WHAT YOU SHOULD DO: Would you please print exactly the lines that run from the one with "Cherry Genuine Leather" to the last line of the data, both included, without any pictures?

Short text fragments from websites:
-- Opening Marker --

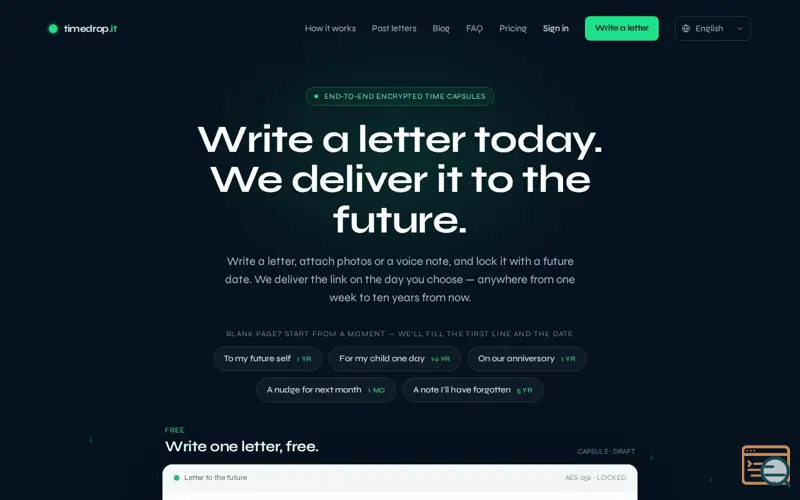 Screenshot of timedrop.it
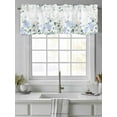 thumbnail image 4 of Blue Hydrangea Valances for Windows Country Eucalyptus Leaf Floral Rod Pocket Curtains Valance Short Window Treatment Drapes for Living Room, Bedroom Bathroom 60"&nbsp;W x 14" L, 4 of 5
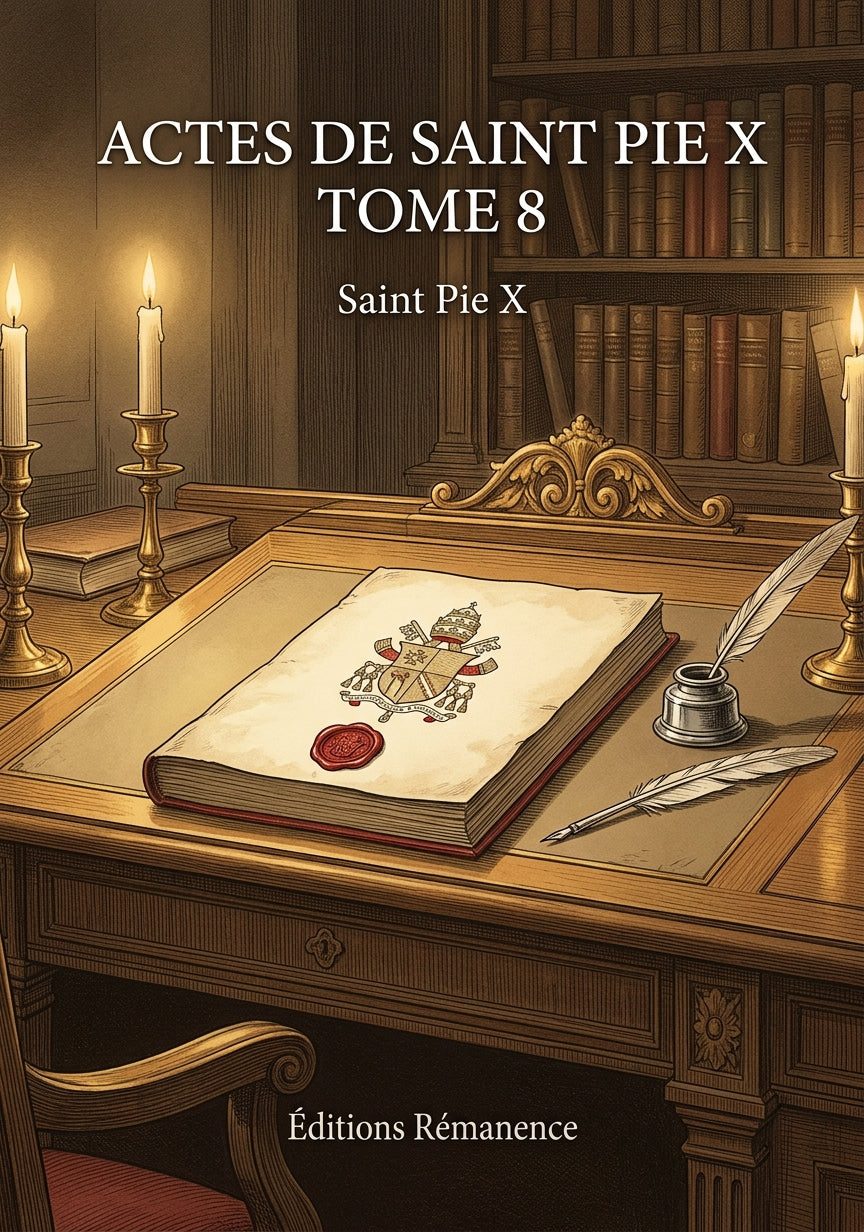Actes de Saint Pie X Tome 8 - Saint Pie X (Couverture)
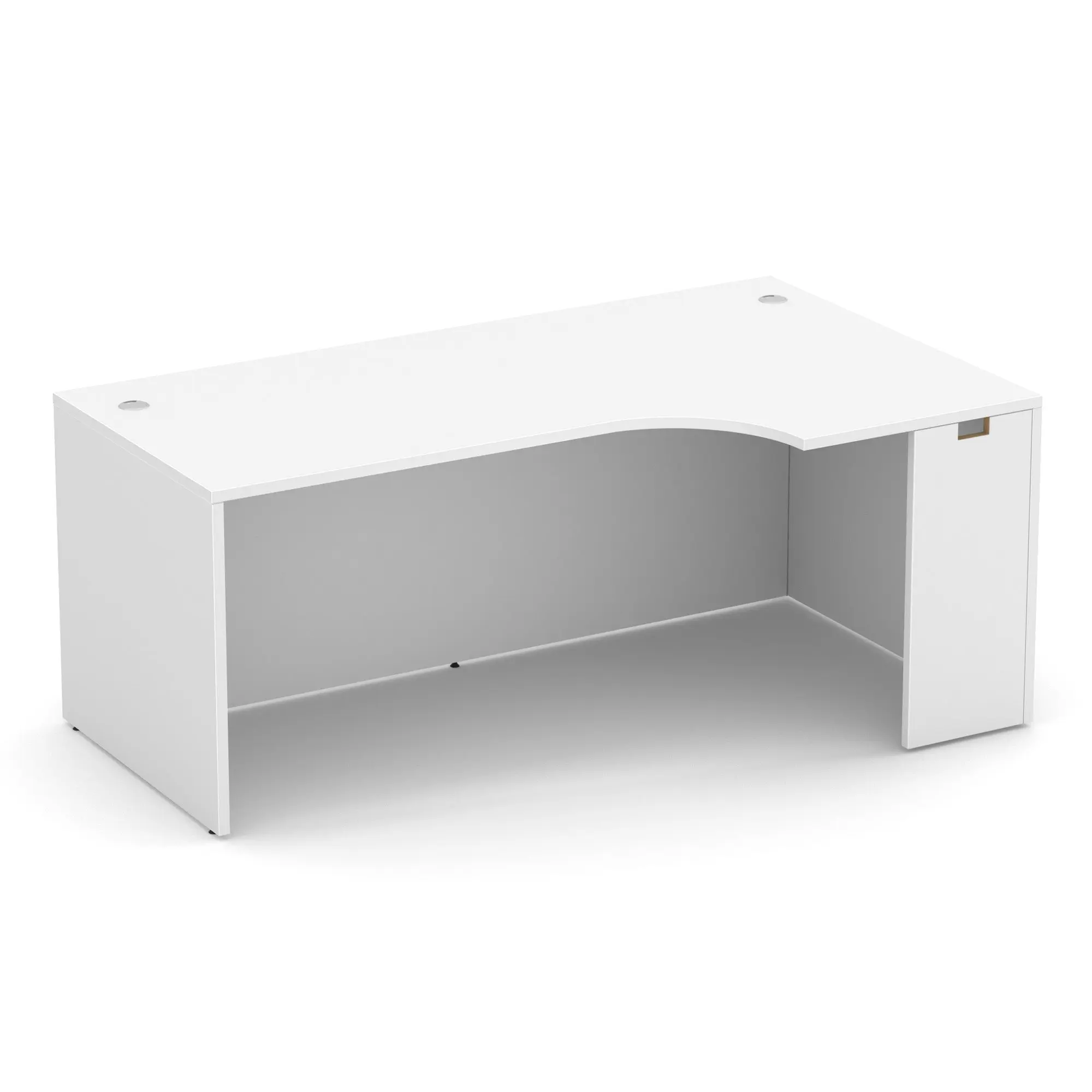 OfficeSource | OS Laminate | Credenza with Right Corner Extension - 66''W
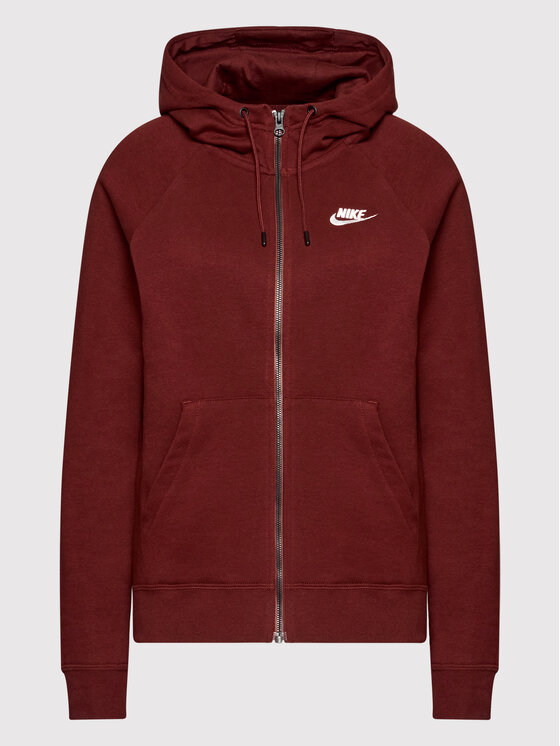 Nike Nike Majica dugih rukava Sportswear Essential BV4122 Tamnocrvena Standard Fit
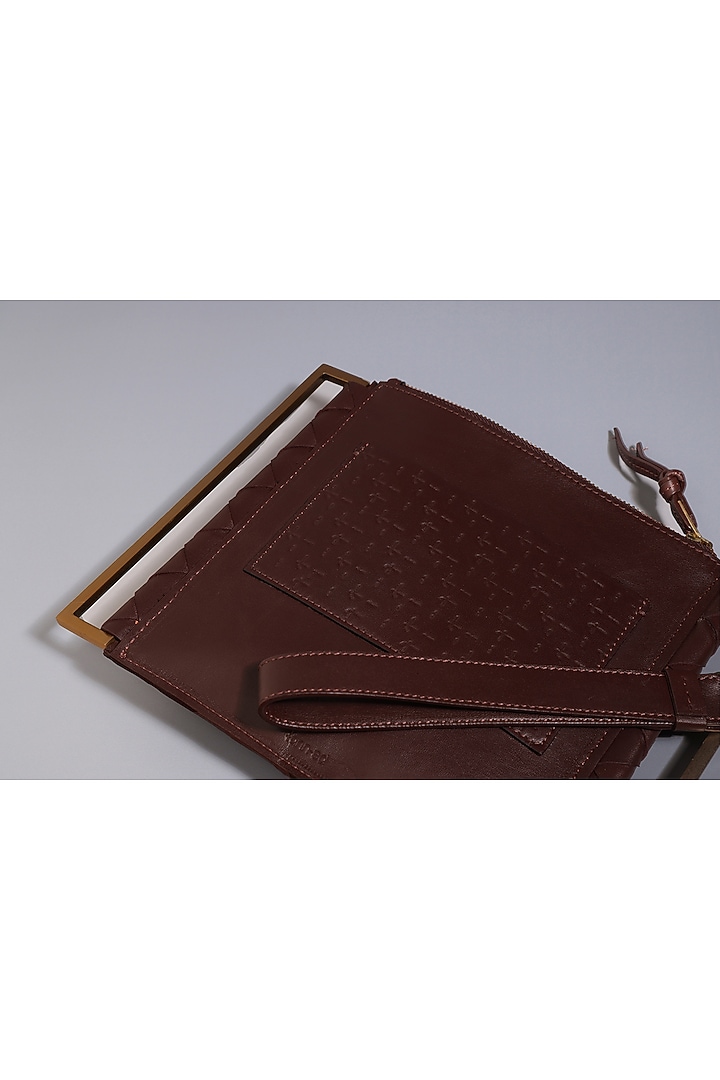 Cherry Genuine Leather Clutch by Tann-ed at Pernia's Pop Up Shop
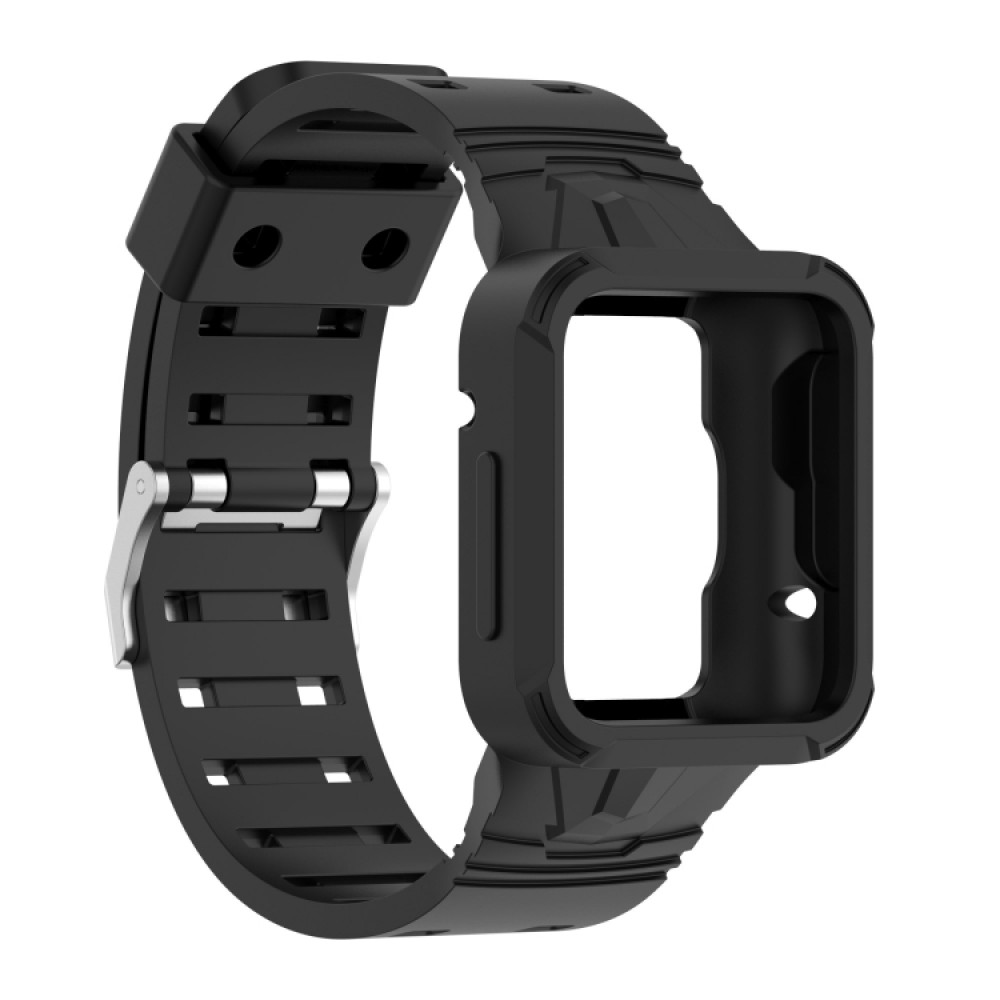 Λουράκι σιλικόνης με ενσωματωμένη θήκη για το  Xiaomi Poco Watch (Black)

-- Closing Marker --

COMPLETED EXERCISE:
 Cherry Genuine Leather Clutch by Tann-ed at Pernia's Pop Up Shop
 Λουράκι σιλικόνης με ενσωματωμένη θήκη για το  Xiaomi Poco Watch (Black)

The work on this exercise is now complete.